In other words, whoever is found to be having money or investments abroad could and should have done so only through the Indian banking channels and not by bypassing it.
Against this backdrop, the Indian government should gird its loins to throw the law book at the persons named. A show cause notice can definitely be issued which by no means can be construed as a roving fishing enquiry.
The Modi government can pat itself in the back for putting in place a disclosure regime whose pincer would now be found useful to nail the crooks.
The Income tax law now mandates every resident Indian to declare his foreign assets in his/her income tax return at the risk of adverse presumption should the authorities stumble upon any information to the contrary or in addition to what is thus disclosed.
And the black money law 2015 says with effect from 1 April 2016, the government can slap a tax of 30% plus a penalty of 90% i.e. a total bill of 120% on assets and income abroad not disclosed.
The earlier German and the present Panama disclosures are godsends for the Modi government which is being repeatedly taunted by the opposition, commentariat and hostile section of the media for not delivering on its promise of bring back black money salted away abroad by Indians.
Jaitley who takes pardonable pride in assessment through software should ask the tax sleuths to arrange for software to unravel the seemingly confusing maze of information emanating from these sources. Times are propitious. The world order is changing, with the OECD cracking down on base erosion and profit shifting (BEPS) game-plans of the MNCs.

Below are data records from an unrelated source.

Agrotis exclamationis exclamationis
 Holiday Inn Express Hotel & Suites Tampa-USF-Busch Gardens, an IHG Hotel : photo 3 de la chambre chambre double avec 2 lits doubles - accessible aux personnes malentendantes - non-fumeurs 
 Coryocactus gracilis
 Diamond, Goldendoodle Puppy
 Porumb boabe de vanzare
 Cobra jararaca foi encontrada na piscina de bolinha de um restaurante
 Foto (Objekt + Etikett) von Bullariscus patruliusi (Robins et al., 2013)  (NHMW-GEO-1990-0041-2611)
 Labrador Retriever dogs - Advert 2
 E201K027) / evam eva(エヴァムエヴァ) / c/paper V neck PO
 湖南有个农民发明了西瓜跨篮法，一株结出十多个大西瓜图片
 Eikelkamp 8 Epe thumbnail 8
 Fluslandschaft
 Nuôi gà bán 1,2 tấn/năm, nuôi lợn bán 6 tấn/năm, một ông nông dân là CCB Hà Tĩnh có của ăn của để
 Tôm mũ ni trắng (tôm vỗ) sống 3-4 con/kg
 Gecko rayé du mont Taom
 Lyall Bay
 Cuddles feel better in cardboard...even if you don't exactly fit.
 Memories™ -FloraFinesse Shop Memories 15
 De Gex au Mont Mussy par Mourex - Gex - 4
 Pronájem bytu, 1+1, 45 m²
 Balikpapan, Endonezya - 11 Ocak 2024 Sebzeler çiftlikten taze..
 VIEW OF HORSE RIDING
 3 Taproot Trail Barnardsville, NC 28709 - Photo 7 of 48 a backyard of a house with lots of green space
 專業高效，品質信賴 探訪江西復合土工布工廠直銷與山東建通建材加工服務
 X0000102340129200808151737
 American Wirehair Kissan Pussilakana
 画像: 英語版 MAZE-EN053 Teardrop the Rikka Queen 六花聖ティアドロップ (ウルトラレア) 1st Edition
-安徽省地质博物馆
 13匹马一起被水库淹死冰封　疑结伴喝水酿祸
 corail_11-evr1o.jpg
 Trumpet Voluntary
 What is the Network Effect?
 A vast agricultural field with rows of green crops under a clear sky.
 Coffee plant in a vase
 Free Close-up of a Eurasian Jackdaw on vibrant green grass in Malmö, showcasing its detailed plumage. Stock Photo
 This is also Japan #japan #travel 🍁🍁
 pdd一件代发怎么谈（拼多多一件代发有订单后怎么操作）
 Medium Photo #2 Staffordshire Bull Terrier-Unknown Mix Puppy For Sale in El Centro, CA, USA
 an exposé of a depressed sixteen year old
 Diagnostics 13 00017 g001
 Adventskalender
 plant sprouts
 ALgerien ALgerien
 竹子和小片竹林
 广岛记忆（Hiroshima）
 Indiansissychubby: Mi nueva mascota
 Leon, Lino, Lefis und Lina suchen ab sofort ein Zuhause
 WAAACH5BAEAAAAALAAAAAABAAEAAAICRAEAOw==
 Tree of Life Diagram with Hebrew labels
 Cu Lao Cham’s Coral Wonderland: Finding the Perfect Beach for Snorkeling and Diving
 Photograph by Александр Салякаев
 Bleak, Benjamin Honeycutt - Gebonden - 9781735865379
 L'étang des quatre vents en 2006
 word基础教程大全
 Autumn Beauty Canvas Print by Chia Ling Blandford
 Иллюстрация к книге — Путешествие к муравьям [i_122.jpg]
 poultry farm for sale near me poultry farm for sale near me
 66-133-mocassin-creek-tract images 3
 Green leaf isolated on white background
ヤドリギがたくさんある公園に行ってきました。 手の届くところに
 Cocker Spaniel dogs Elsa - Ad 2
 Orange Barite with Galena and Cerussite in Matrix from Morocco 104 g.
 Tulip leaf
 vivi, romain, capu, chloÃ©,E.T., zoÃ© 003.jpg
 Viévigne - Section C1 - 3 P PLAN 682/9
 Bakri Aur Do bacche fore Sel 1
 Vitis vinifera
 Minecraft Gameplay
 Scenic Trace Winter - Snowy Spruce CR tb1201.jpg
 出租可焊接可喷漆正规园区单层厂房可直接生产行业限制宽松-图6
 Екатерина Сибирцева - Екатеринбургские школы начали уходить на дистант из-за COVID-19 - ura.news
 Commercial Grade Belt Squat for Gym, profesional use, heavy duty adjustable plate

Jaitley is crowing about the international order cracking down on crooks stashing away their illegal wealth in clandestine foreign bank accounts. But he would do well to use our own laws first before wistfully looking to results on the black money front through fortuitous international efforts.
Of course, international or OECD support must be taken not as a mendicant but proactively on the back thorough homework already done.
The German and Panama leaks are grim pointers -- the secretive foreign bank accounts or no longer secretive in this day and age of hacking, ethical or cynical.